SMERGERS Data Reveals: 6 in 10 SMEs Seek Capital to Survive, Not Scale

India, June 12: In an analysis of 50 active fundraising and transaction mandates, SMERGERS has found that six in ten small and medium businesses currently seeking capital on its platform are raising funds to meet working capital needs, manage cash flow, or service existing debt, not to expand or grow.

The finding cuts against the prevailing narrative of India’s SME sector as a high-growth engine and aligns with broader industry data pointing to a structural credit crisis. According to a SIDBI-CRISIL report, Indian MSMEs face a formal credit gap of approximately Rs. 30 lakh crore, a shortfall that has persisted despite successive policy cycles. The RBI has flagged repeatedly that small businesses remain among the most underserved segments of the formal lending system.

“These businesses have orders, customers, and capacity. What they lack is access to affordable credit,” said Vishal Devanath, Co-Founder and CEO, SMERGERS“When working capital becomes the reason a business raises capital, it signals a systemic problem, not a business one.”

Key findings from the SMERGERS analysis:

●60% of businesses are raising capital for working capital, cash flow support, or operational continuity

●46% are seeking debt financing

● 40% are pursuing equity investment

● 14% are exploring a full or partial business sale

● 18% cited debt repayment or high interest burden as a primary transaction driver

The mandates reviewed span manufacturing, logistics, infrastructure, and services.
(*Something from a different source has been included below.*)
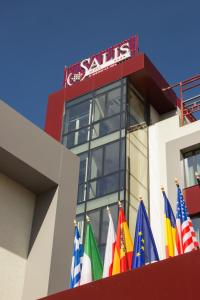 图尔达Salis Hotel & Medical Spa的前面有旗帜的建筑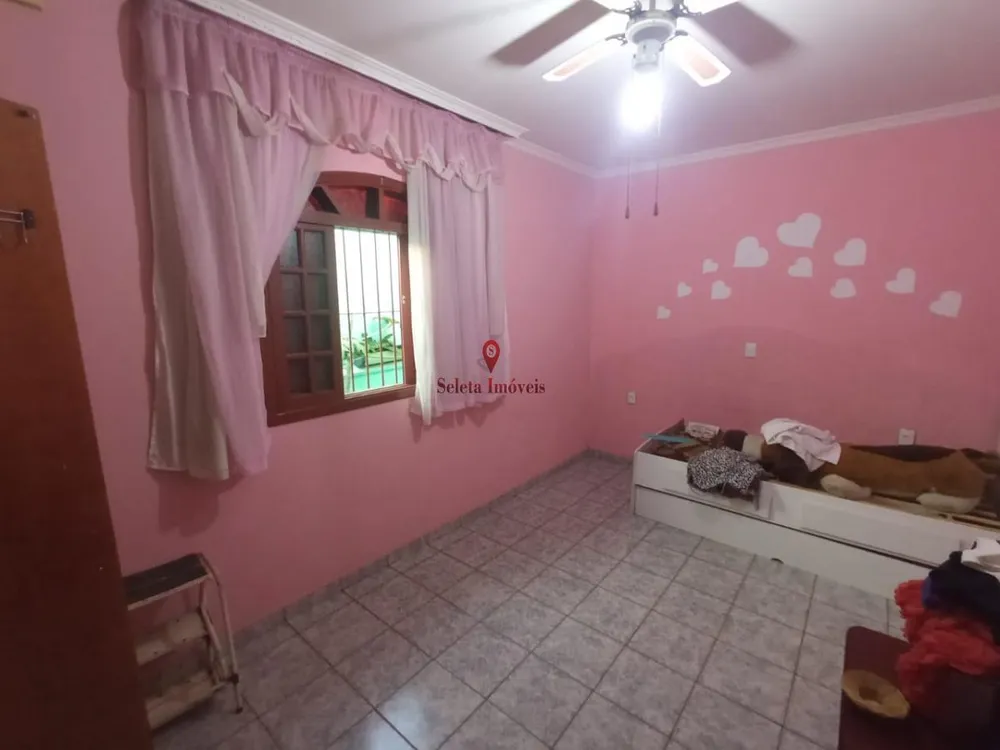 Casa, 3 quartos, 200 m² - Foto 1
A transformer manufacturer in Rajasthan is unable to execute an existing order book due to working capital constraints. A metal fabricator in Maharashtra is operating at 30% of installed capacity, with margins consumed by interest payments. An EPC company in Kerala is raising equity specifically to exit high-cost borrowing. A marine logistics firm is seeking capital to retire accumulated debt.

The stress is not isolated. India’s 7 crore MSMEs do far more than power nearly a third of the nation’s GDP. They serve as the true backbone of the economy, generating 46% of exports and securing livelihoods for 52% of the workforce. A 2024 Parliamentary Standing Committee report on MSMEs noted that access to timely and adequate finance remains the single largest constraint on SME growth, with a large share of businesses still dependent on informal credit at significantly higher costs. SMERGERS noted that financial stress is visible even among businesses that have taken the deliberate step of formally seeking capital through a structured platform, suggesting the problem runs considerably deeper across the broader SME population that has not.

The platform has also recorded growing investor interest in debt resolution and recovery services, a signal of a parallel market emerging around borrower stress within the ecosystem.

“Wider TReDS adoption, stronger credit guarantee frameworks, and continued directed lending for MSMEs are not radical asks. They are the baseline for keeping productive businesses productive,” added Devanath.

SMERGERS has over 23,000 business deals across 195 countries and 900+ industries. In 2025, new business transactions on the platform grew 11% year-on-year, with new investor registrations up 25%.